The Apalachicola Barrier Island complex: a benchmark for MIS 5e (125 ka) sea-level oscillations?

Nikos Georgiou, Alexander Simms, Roger Cameron Creel , Silas Dean, Denovan Chauveau, Ciro Cerrone, Claudia Caporizzo, Alessio Rovere 

Coastal sandy barrier systems develop under moderate wave energy, sufficient sediment supply, and adequate accommodation space, and can preserve critical paleoenvironmental records of past sea-level variations, climatic shifts, and storm histories within their geomorphological and stratigraphic frameworks. Beach ridges, identifiable on both horizontal (ridge-swale morphology) and vertical (internal sedimentary structures) planes, record wave regime shifts, storm impacts, and sea-level changes. Recent methodological advances such as Ground Penetrating Radar (GPR), LiDAR topography, and Optically Stimulated Luminescence (OSL) dating now allow for high-resolution reconstructions of these past coastal dynamics, significantly improving our understanding of historical shoreline evolution. We first review how these systems have been used to reconstruct past climate conditions and coastal processes, then apply these concepts to investigate the evolution of the Apalachicola Barrier Island Complex in northwest Florida during the Last Interglacial (MIS 5e, ~125 ka).
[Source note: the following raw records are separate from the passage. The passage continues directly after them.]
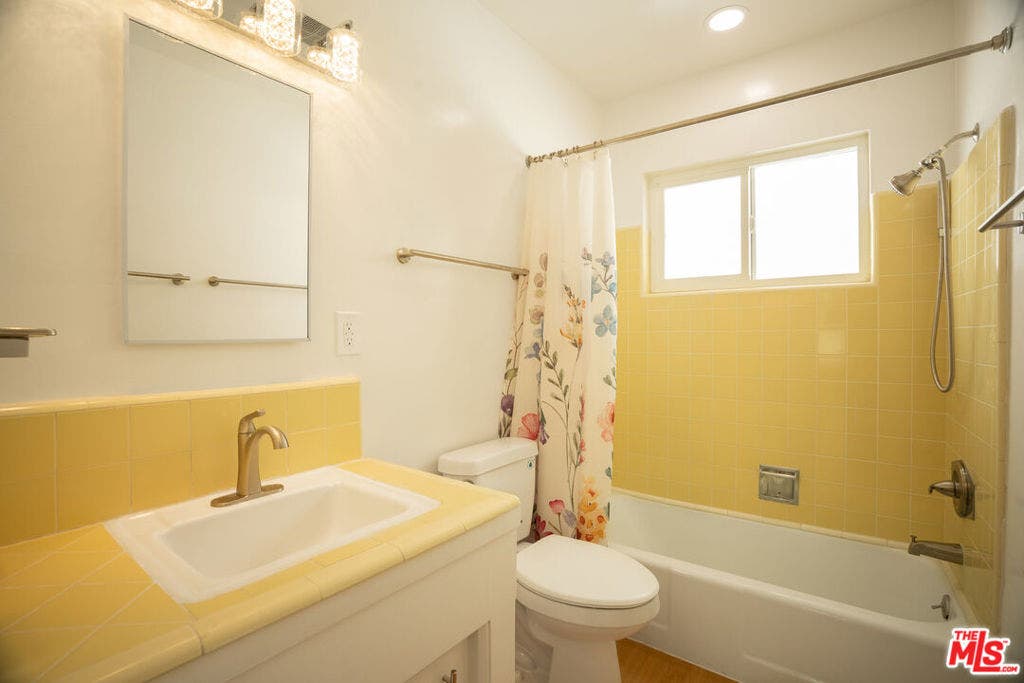 252 S Doheny Drive, #5, Beverly Hills, CA 90211 252 S Doheny Drive, #5, Beverly Hills, CA 90211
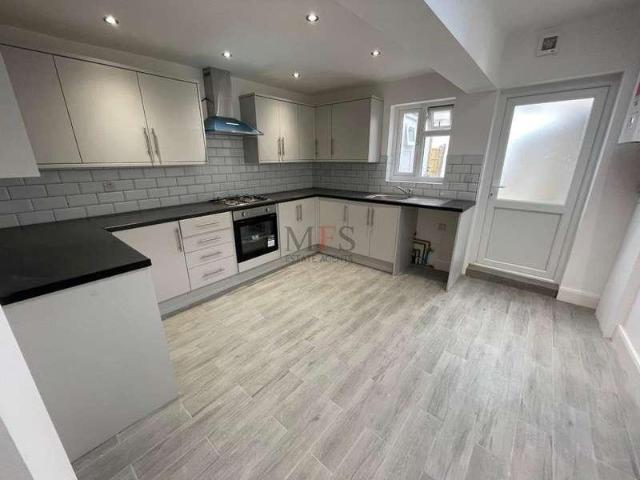 4 bed house to rent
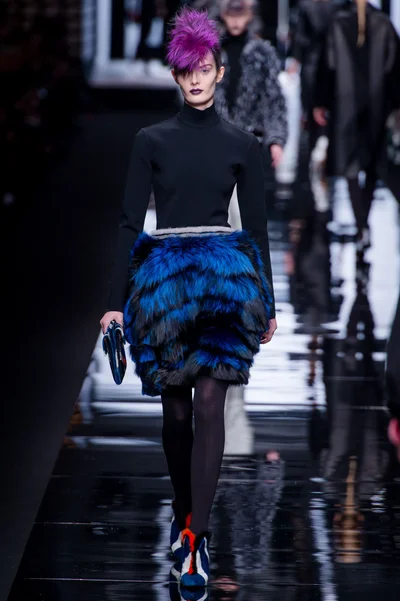 Look 35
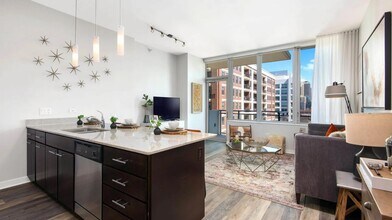 444 W Huron St, Unit 1260 in Chicago, IL - Building Photo - Building Photo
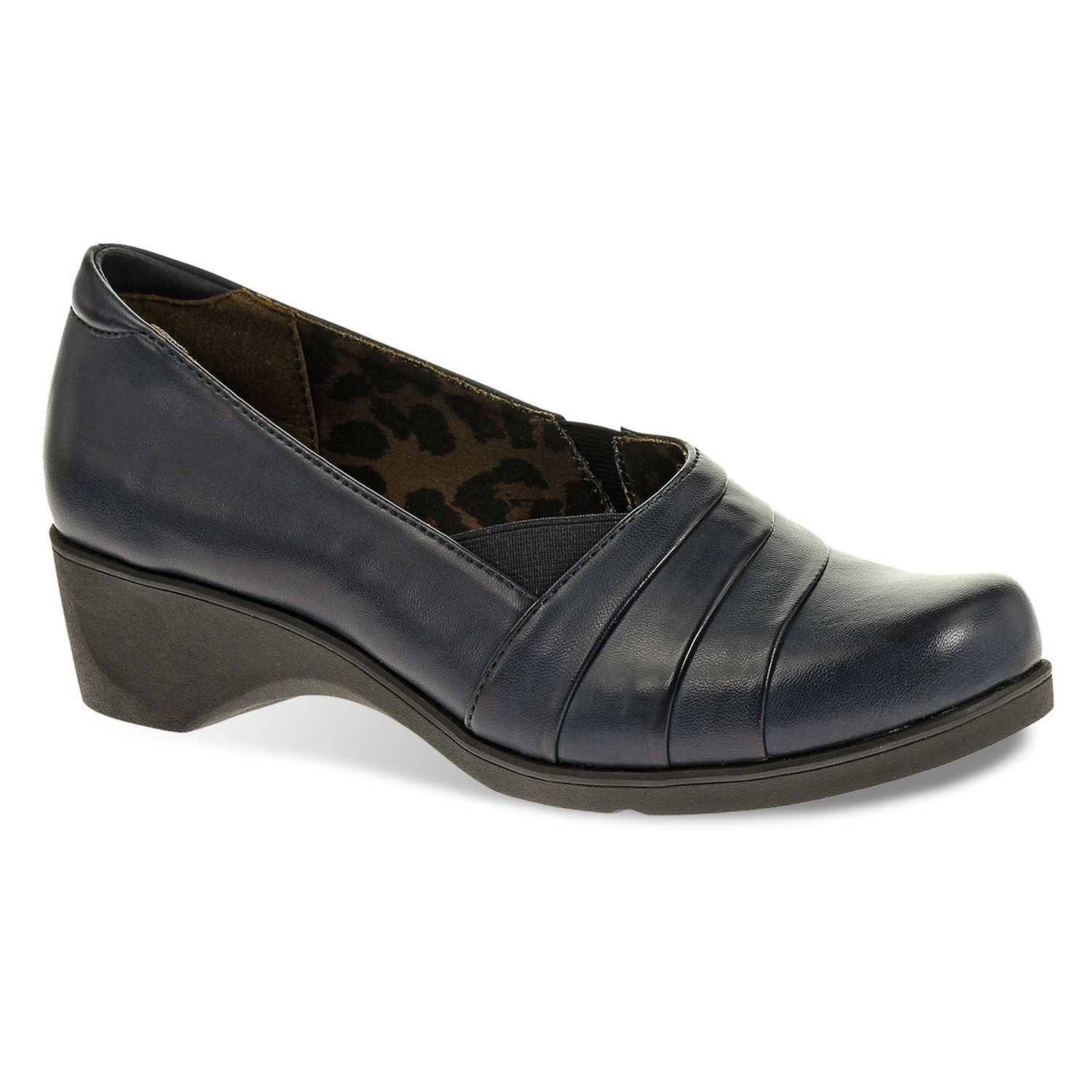 dylan hush puppies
By integrating new GPR surveys with existing LiDAR data and OSL chronologies, we found that the Apalachicola complex was formed in two distinct phases linked to early and late MIS 5e sea-level highstands, separated by an erosional unconformity marking a rapid mid-MIS 5e regression and fluvial incision. Renewed transgression in late MIS 5e led to seaward barrier progradation, forming younger beach ridges. GPR profiles record multiple buried storm scarps, indicating major storms approximately every 75–80 years. Paleogeographic reconstructions show significant barrier morphological changes, including island segmentation and deltaic interactions, driven by sea-level fluctuations. Our findings offer a missing piece of evidence that helps refine reconstructions of MIS 5e sea-level variability.